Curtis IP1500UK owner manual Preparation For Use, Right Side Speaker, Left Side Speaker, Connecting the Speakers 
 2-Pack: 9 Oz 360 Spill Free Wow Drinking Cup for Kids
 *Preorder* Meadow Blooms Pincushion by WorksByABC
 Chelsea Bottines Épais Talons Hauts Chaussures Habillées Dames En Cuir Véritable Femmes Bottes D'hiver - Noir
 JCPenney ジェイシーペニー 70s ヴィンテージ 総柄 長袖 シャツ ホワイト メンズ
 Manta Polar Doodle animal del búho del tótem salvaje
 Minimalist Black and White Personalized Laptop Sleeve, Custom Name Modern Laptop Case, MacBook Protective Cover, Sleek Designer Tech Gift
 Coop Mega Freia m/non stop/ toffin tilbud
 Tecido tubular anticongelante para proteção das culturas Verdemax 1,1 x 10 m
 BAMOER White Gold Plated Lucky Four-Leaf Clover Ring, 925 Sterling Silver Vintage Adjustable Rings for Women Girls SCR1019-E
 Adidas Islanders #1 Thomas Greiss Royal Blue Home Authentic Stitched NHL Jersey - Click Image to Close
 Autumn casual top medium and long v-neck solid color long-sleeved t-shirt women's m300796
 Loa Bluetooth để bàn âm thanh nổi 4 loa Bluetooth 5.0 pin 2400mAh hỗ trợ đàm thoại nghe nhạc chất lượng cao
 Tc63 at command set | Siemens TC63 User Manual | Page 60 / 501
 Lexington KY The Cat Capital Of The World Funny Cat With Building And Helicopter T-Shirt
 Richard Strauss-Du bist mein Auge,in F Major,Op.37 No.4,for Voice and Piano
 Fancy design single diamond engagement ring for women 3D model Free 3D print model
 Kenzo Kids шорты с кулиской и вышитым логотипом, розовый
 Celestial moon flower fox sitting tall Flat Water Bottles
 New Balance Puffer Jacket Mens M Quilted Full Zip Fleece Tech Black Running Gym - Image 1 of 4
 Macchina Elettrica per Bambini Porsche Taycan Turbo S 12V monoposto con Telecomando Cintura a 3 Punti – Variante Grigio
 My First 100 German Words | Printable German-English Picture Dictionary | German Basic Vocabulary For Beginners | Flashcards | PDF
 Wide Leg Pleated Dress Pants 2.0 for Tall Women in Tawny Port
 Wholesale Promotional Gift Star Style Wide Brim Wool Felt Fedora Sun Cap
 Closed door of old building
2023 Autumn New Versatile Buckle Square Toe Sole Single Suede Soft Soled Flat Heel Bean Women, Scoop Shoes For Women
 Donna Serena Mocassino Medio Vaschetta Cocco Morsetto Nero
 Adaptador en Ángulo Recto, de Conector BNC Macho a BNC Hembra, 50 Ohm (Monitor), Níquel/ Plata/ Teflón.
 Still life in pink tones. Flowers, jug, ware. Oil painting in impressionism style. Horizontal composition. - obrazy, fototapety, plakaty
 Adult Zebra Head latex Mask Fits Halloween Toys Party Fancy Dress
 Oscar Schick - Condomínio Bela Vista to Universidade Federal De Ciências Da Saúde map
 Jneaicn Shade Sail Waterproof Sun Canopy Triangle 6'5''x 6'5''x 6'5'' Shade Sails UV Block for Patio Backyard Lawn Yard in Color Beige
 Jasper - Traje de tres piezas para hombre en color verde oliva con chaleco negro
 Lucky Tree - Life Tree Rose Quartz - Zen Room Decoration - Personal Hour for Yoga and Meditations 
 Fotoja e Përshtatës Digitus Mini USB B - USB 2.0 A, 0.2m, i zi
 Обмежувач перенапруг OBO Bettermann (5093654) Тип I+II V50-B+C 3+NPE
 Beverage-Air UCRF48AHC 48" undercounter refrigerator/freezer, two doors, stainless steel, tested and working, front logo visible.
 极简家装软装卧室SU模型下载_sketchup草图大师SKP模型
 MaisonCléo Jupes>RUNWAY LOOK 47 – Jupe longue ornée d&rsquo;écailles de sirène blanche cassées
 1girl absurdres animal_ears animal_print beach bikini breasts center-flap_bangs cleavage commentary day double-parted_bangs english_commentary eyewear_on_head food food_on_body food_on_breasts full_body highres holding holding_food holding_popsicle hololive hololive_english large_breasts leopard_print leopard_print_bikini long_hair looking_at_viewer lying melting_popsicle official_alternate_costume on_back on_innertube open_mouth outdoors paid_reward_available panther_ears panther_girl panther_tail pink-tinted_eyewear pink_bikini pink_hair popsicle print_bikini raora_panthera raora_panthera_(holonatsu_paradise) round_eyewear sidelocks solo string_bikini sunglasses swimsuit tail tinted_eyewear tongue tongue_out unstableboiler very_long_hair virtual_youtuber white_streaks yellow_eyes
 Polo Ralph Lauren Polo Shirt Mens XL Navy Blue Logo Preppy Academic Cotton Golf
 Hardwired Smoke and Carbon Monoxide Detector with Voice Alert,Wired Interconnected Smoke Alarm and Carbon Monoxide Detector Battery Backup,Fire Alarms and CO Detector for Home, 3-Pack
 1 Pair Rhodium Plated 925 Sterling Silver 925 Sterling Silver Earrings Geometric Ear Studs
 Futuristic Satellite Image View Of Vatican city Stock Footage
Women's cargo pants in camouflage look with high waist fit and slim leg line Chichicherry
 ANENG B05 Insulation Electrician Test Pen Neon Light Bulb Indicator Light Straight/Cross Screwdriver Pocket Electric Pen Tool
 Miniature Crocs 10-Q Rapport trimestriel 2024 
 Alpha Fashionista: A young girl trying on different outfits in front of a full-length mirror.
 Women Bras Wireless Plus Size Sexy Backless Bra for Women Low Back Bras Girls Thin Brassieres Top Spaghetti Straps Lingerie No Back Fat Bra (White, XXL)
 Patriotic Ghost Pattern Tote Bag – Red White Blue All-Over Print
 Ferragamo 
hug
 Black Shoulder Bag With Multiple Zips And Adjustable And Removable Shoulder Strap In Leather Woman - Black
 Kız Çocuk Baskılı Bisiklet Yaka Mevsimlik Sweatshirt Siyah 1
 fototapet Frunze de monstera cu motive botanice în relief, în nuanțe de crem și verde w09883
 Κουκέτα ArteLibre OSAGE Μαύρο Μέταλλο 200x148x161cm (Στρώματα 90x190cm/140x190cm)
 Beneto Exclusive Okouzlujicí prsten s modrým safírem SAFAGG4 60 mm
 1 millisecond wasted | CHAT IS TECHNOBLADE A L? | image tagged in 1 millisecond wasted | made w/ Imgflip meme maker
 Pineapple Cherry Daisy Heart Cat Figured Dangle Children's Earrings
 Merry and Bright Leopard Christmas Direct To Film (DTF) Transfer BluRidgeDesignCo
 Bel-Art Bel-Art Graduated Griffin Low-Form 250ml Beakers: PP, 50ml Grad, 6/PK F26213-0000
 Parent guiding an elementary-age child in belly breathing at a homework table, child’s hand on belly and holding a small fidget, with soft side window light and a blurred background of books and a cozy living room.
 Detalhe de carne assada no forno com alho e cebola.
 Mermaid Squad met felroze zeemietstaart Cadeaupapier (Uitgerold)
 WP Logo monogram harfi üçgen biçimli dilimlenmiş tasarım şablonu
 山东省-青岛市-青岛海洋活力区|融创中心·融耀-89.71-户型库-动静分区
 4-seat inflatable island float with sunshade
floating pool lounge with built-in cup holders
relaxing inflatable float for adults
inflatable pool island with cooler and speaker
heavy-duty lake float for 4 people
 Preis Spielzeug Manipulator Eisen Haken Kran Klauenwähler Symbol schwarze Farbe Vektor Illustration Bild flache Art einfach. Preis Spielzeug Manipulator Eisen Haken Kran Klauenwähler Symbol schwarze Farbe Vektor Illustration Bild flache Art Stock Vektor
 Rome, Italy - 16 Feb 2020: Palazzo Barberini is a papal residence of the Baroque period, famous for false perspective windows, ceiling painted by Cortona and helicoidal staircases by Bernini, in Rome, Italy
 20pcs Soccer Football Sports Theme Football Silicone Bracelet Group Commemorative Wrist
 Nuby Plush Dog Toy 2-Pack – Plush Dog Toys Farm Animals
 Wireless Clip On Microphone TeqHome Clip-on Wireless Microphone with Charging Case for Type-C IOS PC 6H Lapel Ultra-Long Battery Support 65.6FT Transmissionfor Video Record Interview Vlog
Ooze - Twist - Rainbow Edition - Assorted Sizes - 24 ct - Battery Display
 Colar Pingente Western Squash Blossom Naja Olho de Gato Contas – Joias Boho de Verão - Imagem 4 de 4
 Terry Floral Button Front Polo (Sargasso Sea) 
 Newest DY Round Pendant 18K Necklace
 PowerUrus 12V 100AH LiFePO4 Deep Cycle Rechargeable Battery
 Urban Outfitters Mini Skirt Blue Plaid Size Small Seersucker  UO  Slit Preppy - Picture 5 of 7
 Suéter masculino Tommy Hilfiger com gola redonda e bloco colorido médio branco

# # # #

_WORK REQUIRED:_ When you answer, output each line of the data exactly as given, from its first line up to and including the one with "Manta Polar Doodle".

_WRITTEN REPLY:_
Curtis IP1500UK owner manual Preparation For Use, Right Side Speaker, Left Side Speaker, Connecting the Speakers 
 2-Pack: 9 Oz 360 Spill Free Wow Drinking Cup for Kids
 *Preorder* Meadow Blooms Pincushion by WorksByABC
 Chelsea Bottines Épais Talons Hauts Chaussures Habillées Dames En Cuir Véritable Femmes Bottes D'hiver - Noir
 JCPenney ジェイシーペニー 70s ヴィンテージ 総柄 長袖 シャツ ホワイト メンズ
 Manta Polar Doodle animal del búho del tótem salvaje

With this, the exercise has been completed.